• **Stored data**
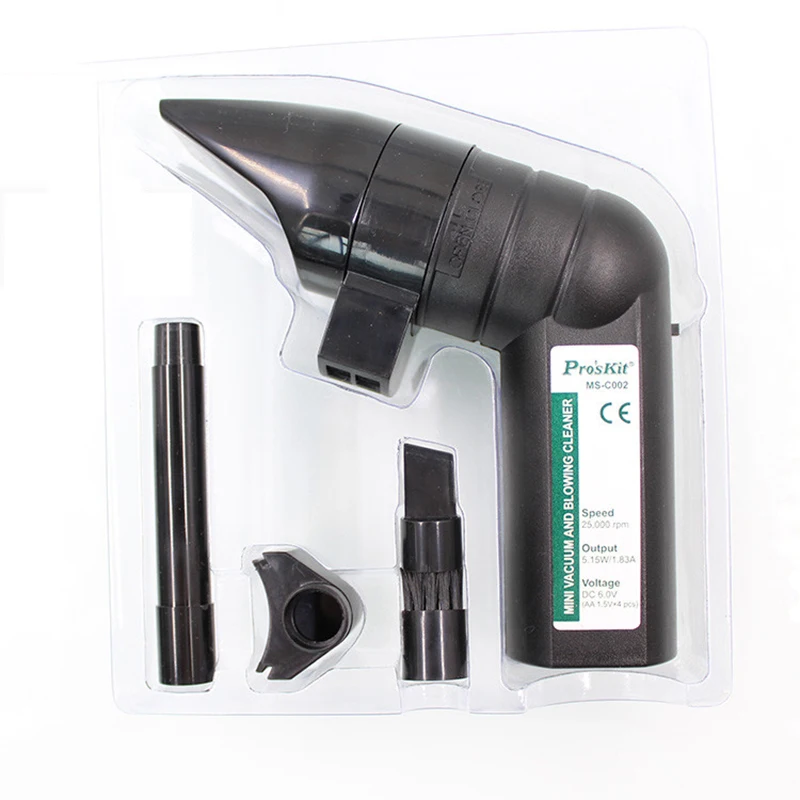 

Portable Multifunction Vacuum Cleaner Blower Clean Blower for PC Keyboards Cameras Printers Y
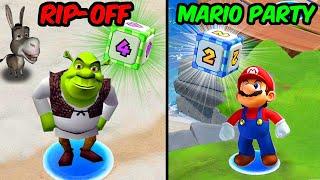 I Played the Worst Mario Party Rip-Offs...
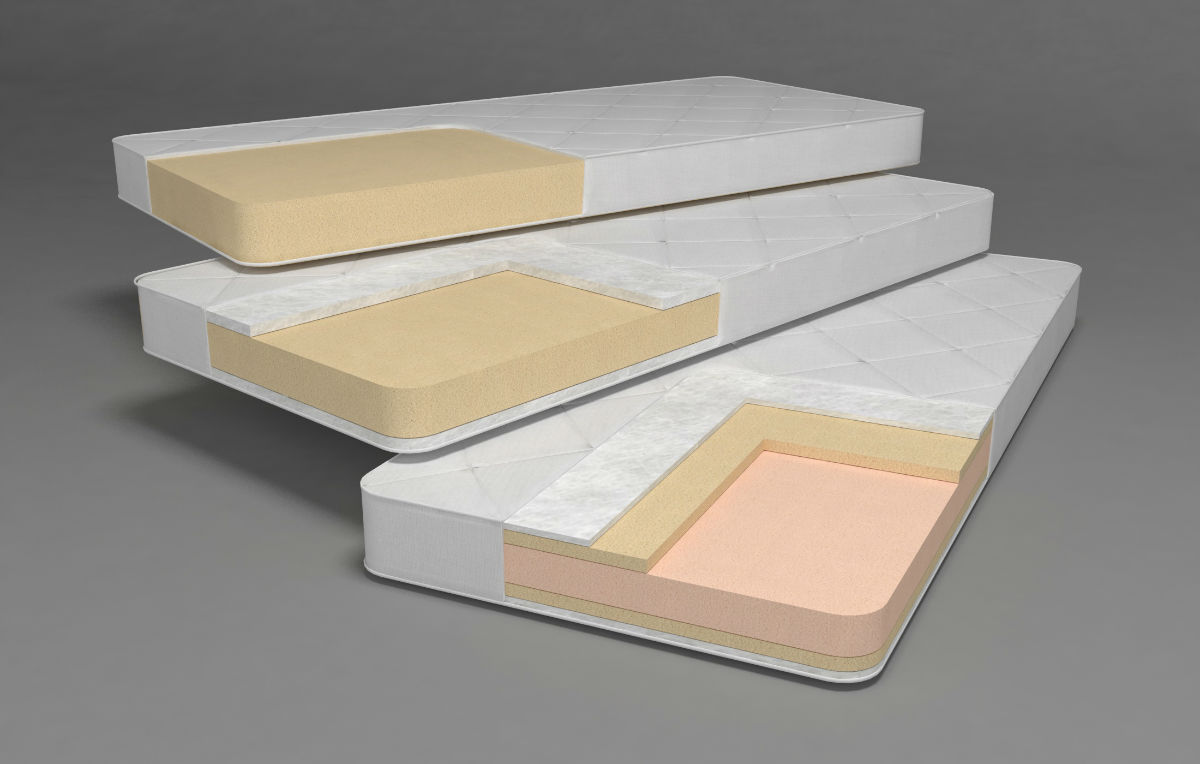 картинка Двухъярусная кровать Скания 2 зеленая магазин Мебель Легко
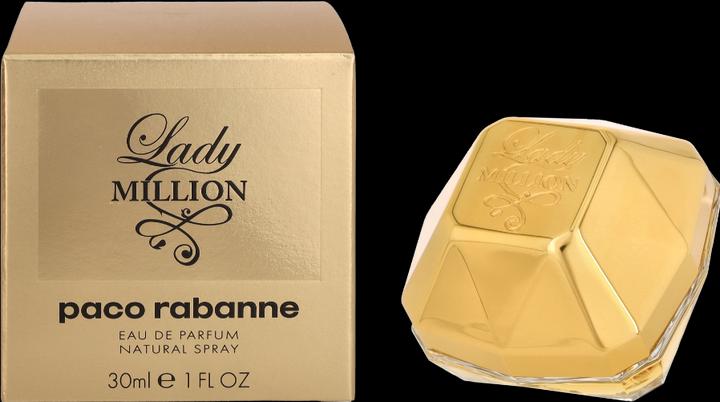 Actual product image Paco Rabanne Lady Million (Eau de parfum, 30 ml)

• **What is expected**
Retype each line above exactly and leave out any picture.

• **Answer below**
Portable Multifunction Vacuum Cleaner Blower Clean Blower for PC Keyboards Cameras Printers Y
 I Played the Worst Mario Party Rip-Offs...
 картинка Двухъярусная кровать Скания 2 зеленая магазин Мебель Легко
 Actual product image Paco Rabanne Lady Million (Eau de parfum, 30 ml)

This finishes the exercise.